• Source data:
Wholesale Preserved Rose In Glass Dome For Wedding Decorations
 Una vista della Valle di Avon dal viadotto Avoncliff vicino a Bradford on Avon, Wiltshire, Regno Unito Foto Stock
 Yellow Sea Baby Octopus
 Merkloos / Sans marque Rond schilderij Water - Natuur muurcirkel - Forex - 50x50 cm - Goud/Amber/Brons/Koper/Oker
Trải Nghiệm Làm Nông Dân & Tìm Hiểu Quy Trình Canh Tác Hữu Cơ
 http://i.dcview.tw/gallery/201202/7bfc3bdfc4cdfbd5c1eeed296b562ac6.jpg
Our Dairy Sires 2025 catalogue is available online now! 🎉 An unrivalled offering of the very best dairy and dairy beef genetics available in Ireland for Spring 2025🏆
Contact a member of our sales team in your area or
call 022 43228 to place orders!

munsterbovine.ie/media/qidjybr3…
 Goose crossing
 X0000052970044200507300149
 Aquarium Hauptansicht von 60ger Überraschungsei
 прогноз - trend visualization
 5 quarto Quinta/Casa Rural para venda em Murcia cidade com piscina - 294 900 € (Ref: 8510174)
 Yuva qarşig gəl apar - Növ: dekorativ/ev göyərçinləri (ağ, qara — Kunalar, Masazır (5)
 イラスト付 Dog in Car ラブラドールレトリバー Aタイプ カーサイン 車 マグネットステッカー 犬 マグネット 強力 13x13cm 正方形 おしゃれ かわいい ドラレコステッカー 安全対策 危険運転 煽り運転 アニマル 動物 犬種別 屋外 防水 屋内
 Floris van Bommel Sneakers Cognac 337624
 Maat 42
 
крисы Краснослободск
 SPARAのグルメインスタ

• Exercise: To complete this exercise, set down every line above exactly once more.

• Answer to this task:
Wholesale Preserved Rose In Glass Dome For Wedding Decorations
 Una vista della Valle di Avon dal viadotto Avoncliff vicino a Bradford on Avon, Wiltshire, Regno Unito Foto Stock
 Yellow Sea Baby Octopus
 Merkloos / Sans marque Rond schilderij Water - Natuur muurcirkel - Forex - 50x50 cm - Goud/Amber/Brons/Koper/Oker
Trải Nghiệm Làm Nông Dân & Tìm Hiểu Quy Trình Canh Tác Hữu Cơ
 http://i.dcview.tw/gallery/201202/7bfc3bdfc4cdfbd5c1eeed296b562ac6.jpg
Our Dairy Sires 2025 catalogue is available online now! 🎉 An unrivalled offering of the very best dairy and dairy beef genetics available in Ireland for Spring 2025🏆
Contact a member of our sales team in your area or
call 022 43228 to place orders!

munsterbovine.ie/media/qidjybr3…
 Goose crossing
 X0000052970044200507300149
 Aquarium Hauptansicht von 60ger Überraschungsei
 прогноз - trend visualization
 5 quarto Quinta/Casa Rural para venda em Murcia cidade com piscina - 294 900 € (Ref: 8510174)
 Yuva qarşig gəl apar - Növ: dekorativ/ev göyərçinləri (ağ, qara — Kunalar, Masazır (5)
 イラスト付 Dog in Car ラブラドールレトリバー Aタイプ カーサイン 車 マグネットステッカー 犬 マグネット 強力 13x13cm 正方形 おしゃれ かわいい ドラレコステッカー 安全対策 危険運転 煽り運転 アニマル 動物 犬種別 屋外 防水 屋内
 Floris van Bommel Sneakers Cognac 337624
 Maat 42
 
крисы Краснослободск
 SPARAのグルメインスタ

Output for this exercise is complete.